American Can Company was formed in 1901 as a merger of many smaller competing firms into one large company that could cut costs with increased scale and lower competition, forming what would be known by many as the Tin-Can Trust. The Company was the dominant force in tin can manufacturing from its inception up until 1913 when the Government sued it to break it back into smaller pieces, the company still continued on after being forced to sell some of its parts, but was a major packaging manufacturer well into the 1970s and 80s before mergers and renamings.

With the original merger in 1901, some of the factories from the original companies were closed or sold off. Each of the remaining entities was given a company designation such as A.C.Co.##-A, marks on the tins produced, sometimes this designation is followed by another two digit number, which indicates the year produced so A.C.Co.50 A 16, would have been produced in the Hasker & Marcuse Factory in 1916.
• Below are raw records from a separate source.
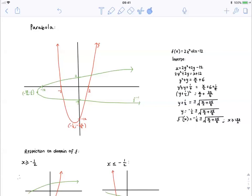Add the magic number (a quarter) to each side: y squared plus y plus a quarter equals x over 2 plus 6 plus a quarter. Rewrite the left side as (y plus a half) squared; the right side simplifies since 6 plus a quarter equals 25 over 4. Square root both sides — remembering to use plus or minus — giving y plus a half equals plus or minus the square root of (x over 2 plus 25 over 4). Take minus a half to the other side and rewrite y as f to the minus one. We must restrict the domain: the expression under the square root must be greater than or equal to zero, so x must be greater than or equal to minus 25 over 2.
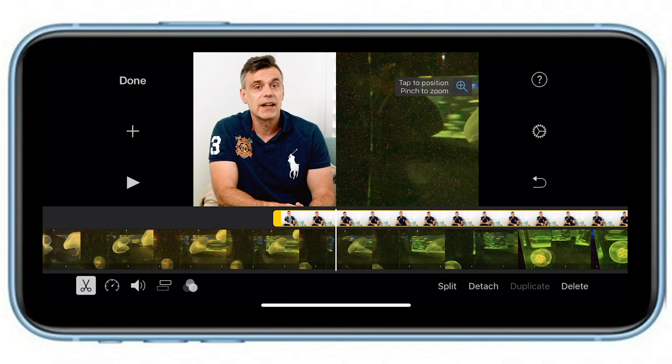And that pretty much wraps up all the options for overlaying video in iMovie for iOS. Thanks for watching — I hope you enjoyed the video. If you did, be sure to hit me up with a like and consider subscribing to the channel to be notified of upcoming video releases. See you on the next one. Bye for now.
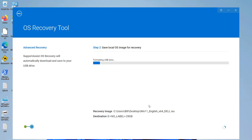That is how you use the Dell OS Recovery Tool with a Windows 11 ISO file. I hope this video was useful to you.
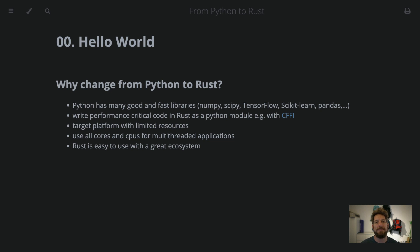Hello! Welcome to Bedroom Builds at the From Python to Rust series, episode 0, Hello World!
Below is a list of Manufacturers and their American Can Company code (in use after 1901). If you have information about any of the missing American Can Co. Factories with location and their preceding company names it would be greatly appreciated if you would submit it to

  • Campbell Company (A.C.Co.2A) – Waltham, MA
  • S.A. Ilsley & Co. (A.C.Co.8-A) – Brooklyn, NY
  • Jos LeComte (A.C.Co.9-A) – Brooklyn, NY
  • Mersereau (A.C.Co.10A) – Brooklyn, NY
  • Somers Bros. (A.C.Co.11-A) – Brooklyn, NY
  • American Stopper (A.C.Co.12-A) – Brooklyn, NY
  • Wm. Vogel (Vogel Bros.) (A.C.Co.12-A) – Brooklyn, NY
  • Ginna & Co. (A.C.Co.14-A) – New York, NY
  • U.S. Can Company (A.C.Co.22-A) – Buffalo, NY
  • Art Metal Co. (A.C.Co. 25-A) – New Brunswick, NJ
  • Phoenix Metal (A.C.Co.27-A) – New Brunswick, NJ
  • C.P. Pole (A.C.Co.28-A) – Philadelphia, PA
  • Taite (A.C.Co.30-A) – Philadelphia, PA
  • Miller (A.C.Co.43-A) – Baltimore, MD
  • Hasker & Marcuse Mfg. Co. (A.C.Co.50-A) – Richmond, VA
  • Conklin Mfg. (A.C.Co.51-A) – Atlanta, GA
  • Beardsley Mfg. Co. (A.C.Co.52-A) – Cleveland, OH.
  • Breckinridge (A.C.Co.53-A) – Toledo, OH
  • Albert Fischer (A.C.Co.54-A) – Hamilton, OH
  • Wisconsin Can Co. (A.C.Co.56) – Milwaukee, WI
  • Clark Can Co. (A.C.Co.62-A) – Detroit, MI
  • Frank Diesel (Diesel Can Co.) (A.C.Co.69-A) – Chicago, IL
  • Illinois Can Co. (A.C.Co.70-A) – Chicago, IL
  • Norton Bros. (A.C.Co.73-A) – Toledo, OH
  • Horne/Danz (A.C.Co.82-A) – St. Paul, MN
  • Columbia Can Co. (A.C.Co.89-A) – St. Louis, MO
  • George R. Weed (A.C.Co.104-A) – Brooklyn, NY

Here are images of a few different American Can Company marks, if you have pictures of American Can Co. Marks please submit them to :

American Can Co. Factory 50 (Formerly the Hasker & Marcuse facility) dated to 1916 from a Vanko Cigar Tin

American Can Co. Factory 50 (Formerly the Hasker & Marcuse facility) spelled out, no date code from a Dill’s Best Pocket Tin

American Can Co. Factory 70 (Formerly Illinois Can Co.) with square symbol date code? From a Culture Pocket Tin

Hasker & Marcuse Lithographers

Hasker & Marcuse: Out of Richmond, VA like Ilsley, Hasker & Marcuse did a great business providing tobacco tins for many of the tobacco producers around Virginia. The company wasn’t formed until 1891, well after the likes of Ginna and Somers were well established. Hasker and Marcuse are well known for their excellent chromolithography as they never did the older style of one-color litho that made some of the earlier companies very famous.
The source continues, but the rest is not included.